Baltatu O, Fontes M A, Campagnole-Santos M J, Caligiorni S, Ganten D, Santos R A, Bader M
Max Delbrück Center for Molecular Medicine, D-13092 Berlin-Buch, Germany.
Am J Physiol Regul Integr Comp Physiol. 2001 Feb;280(2):R428-33. doi: 10.1152/ajpregu.2001.280.2.R428.
The transgenic rats TGR(ASrAOGEN) (TGR) with low levels of brain angiotensinogen were analyzed for cardiovascular reactivity to microinjections of ANG II and angiotensin receptor (AT(1)) antagonists [CV-11974, AT(1) specific; A-779, ANG-(1--7) selective; sarthran, nonspecific] into the rostral ventrolateral medulla (RVLM) of conscious rats. Microinjection of ANG II resulted in a significantly higher increase in the mean arterial pressure (MAP) of TGR than control [Sprague-Dawley (SD)] rats, suggesting an upregulation of ANG II receptors in TGR. CV-11974 produced an increase in MAP of SD but not in TGR rats. A-779 produced a depressor response in SD but not in TGR rats. Conversely, sarthran produced a similar decrease of MAP in both rat groups. The pressor effect of the AT(1) antagonist may indicate an inhibitory role of AT(1) receptors in the RVLM. On the other hand, ANG-(1--7) appears to have a tonic excitatory role in this region. The altered response to specific angiotensin antagonists in TGR further supports the functionally relevant decrease in angiotensins in the brains of TGR and corroborates the importance of the central renin-angiotensin system in cardiovascular homeostasis.

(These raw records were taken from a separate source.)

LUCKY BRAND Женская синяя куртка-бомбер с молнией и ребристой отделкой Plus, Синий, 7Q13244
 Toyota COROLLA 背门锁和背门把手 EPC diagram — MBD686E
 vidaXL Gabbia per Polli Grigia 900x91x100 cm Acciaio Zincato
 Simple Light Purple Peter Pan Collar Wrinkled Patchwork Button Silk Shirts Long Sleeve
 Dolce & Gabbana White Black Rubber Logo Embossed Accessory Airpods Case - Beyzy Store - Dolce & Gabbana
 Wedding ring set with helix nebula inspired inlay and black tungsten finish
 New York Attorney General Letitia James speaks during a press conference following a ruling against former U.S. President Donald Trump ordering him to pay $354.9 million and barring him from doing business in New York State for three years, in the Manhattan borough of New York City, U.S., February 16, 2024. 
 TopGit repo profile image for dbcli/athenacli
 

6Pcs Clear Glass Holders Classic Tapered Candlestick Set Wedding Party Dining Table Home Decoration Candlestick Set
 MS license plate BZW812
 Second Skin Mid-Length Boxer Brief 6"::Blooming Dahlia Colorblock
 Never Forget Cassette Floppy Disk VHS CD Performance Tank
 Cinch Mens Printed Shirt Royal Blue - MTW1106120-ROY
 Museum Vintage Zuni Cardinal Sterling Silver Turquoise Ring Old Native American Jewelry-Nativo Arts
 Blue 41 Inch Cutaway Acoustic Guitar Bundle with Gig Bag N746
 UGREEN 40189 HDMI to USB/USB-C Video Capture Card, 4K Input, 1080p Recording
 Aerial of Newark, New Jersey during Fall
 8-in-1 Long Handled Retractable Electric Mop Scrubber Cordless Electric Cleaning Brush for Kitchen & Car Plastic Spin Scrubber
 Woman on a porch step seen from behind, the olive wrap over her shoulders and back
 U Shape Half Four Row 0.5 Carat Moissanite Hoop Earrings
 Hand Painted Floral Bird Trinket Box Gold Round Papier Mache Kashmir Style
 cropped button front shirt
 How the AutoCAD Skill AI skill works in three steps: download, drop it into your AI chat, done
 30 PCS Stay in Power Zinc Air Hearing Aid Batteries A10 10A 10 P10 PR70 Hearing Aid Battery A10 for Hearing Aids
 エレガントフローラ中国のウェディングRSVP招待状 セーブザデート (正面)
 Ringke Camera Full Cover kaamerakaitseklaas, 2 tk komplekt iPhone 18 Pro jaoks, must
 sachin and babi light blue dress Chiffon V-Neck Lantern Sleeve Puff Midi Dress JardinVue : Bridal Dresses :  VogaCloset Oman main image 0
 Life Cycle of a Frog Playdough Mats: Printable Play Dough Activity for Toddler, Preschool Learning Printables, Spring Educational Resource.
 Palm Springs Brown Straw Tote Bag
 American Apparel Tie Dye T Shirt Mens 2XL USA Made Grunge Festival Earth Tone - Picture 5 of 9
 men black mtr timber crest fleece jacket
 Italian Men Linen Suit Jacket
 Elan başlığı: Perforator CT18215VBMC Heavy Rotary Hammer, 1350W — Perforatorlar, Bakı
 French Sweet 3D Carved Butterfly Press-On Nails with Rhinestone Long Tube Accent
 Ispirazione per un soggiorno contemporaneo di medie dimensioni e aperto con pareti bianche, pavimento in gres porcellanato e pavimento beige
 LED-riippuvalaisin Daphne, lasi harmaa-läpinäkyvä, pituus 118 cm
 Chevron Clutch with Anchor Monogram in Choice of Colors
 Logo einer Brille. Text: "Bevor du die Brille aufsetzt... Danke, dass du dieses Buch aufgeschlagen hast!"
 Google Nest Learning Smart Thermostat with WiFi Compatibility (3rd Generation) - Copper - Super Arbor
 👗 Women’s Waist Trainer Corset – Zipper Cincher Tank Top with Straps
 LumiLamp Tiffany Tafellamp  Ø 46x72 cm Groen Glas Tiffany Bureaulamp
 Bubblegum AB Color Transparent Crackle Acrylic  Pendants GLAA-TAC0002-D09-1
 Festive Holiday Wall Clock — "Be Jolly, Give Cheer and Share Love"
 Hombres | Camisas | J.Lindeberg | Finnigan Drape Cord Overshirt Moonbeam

对脑内血管紧张素原水平较低的转基因大鼠TGR(ASrAOGEN)(TGR)进行分析,观察其对向清醒大鼠延髓头端腹外侧区(RVLM)微量注射血管紧张素II(ANG II)和血管紧张素受体(AT(1))拮抗剂[CV - 11974,AT(1)特异性;A - 779,ANG-(1 - 7)选择性;sarthran,非特异性]时的心血管反应。微量注射ANG II后,TGR大鼠的平均动脉压(MAP)升高幅度显著高于对照[斯普拉格-道利(SD)]大鼠,提示TGR中ANG II受体上调。CV - 11974使SD大鼠的MAP升高,但对TGR大鼠无此作用。A - 779使SD大鼠出现降压反应,但对TGR大鼠无此作用。相反,sarthran使两组大鼠的MAP出现相似程度的降低。AT(1)拮抗剂的升压作用可能表明AT(1)受体在RVLM中具有抑制作用。另一方面,ANG-(1 - 7)在该区域似乎具有紧张性兴奋作用。TGR对特异性血管紧张素拮抗剂反应的改变进一步支持了TGR脑内血管紧张素功能相关的减少,并证实了中枢肾素-血管紧张素系统在心血管稳态中的重要性。